11. Container With Most Water

问题描述

Given n non-negative integers a1, a2, …, an, where each represents a point at coordinate (i, ai). n vertical lines are drawn such that the two endpoints of line i is at (i, ai) and (i, 0). Find two lines, which together with x-axis forms a container, such that the container contains the most water.

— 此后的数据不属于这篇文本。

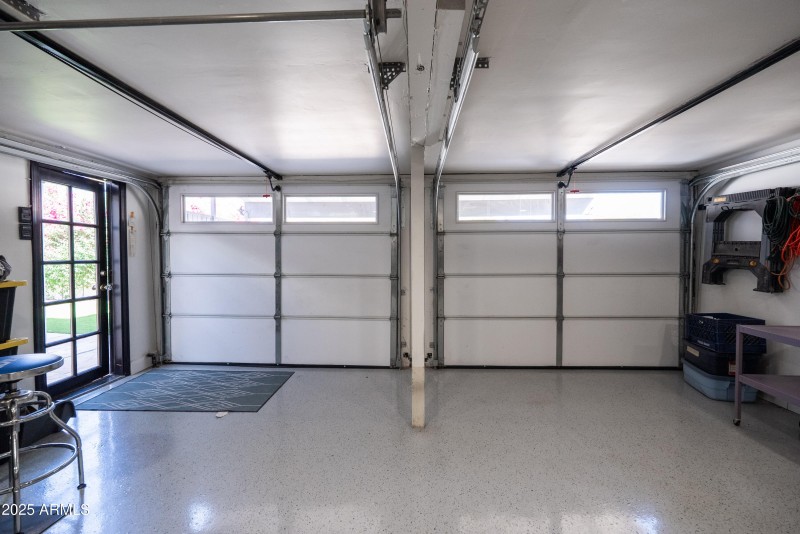 Heated & Cooled Garage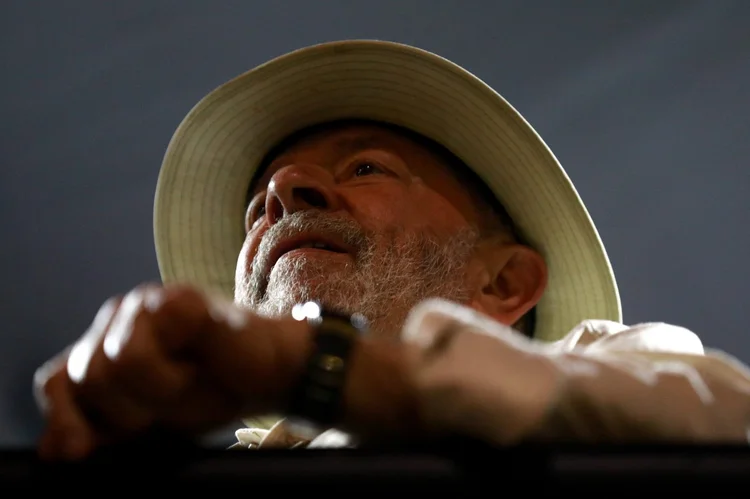 Lula: desde que ex-presidente foi preso, o PT o mantém como pré-candidato da legenda, afirmando que irá registrá-lo para concorrer ao pleito (Diego Vara/Reuters)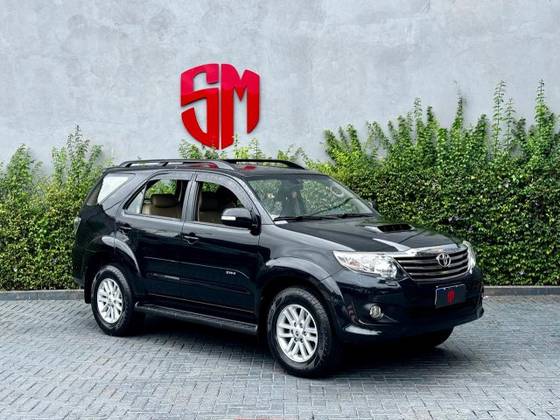 TOYOTA HILUX SW4 3.0 SRV 4X4 7 LUGARES 16V TURBO INTERCOOLER DIESEL 4P AUTOMÁTICO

Note: You may not slant the container and n is at least 2.

题目链接：

思路分析

给一个高度的数组，使得形成的容器的容积最大。

容积 = min(height) * abs(i - j)。正常的暴力破解O(n)会TLE，所以我们假定一开始相距最远的两根形成的container的容积是最大的，而指针移动的条件则是不断的去寻找更高的height，因为更高的height才能保证弥补i和j之间的差距，逐步向中间靠近。

代码

class Solution {
public:
int maxArea(vector<int>& height) {
int maxArea = 0, low = 0, high = height.size() - 1;
while (low < high){
maxArea = max(maxArea, min(height[low], height[high])*(high - low));
if (height[low] < height[high])
low++;
else
high--;
}
return maxArea;
}
};

时间复杂度：O(n)

空间复杂度：O(1)

反思

很巧妙的方法，也不像动态规划，但是非常有效。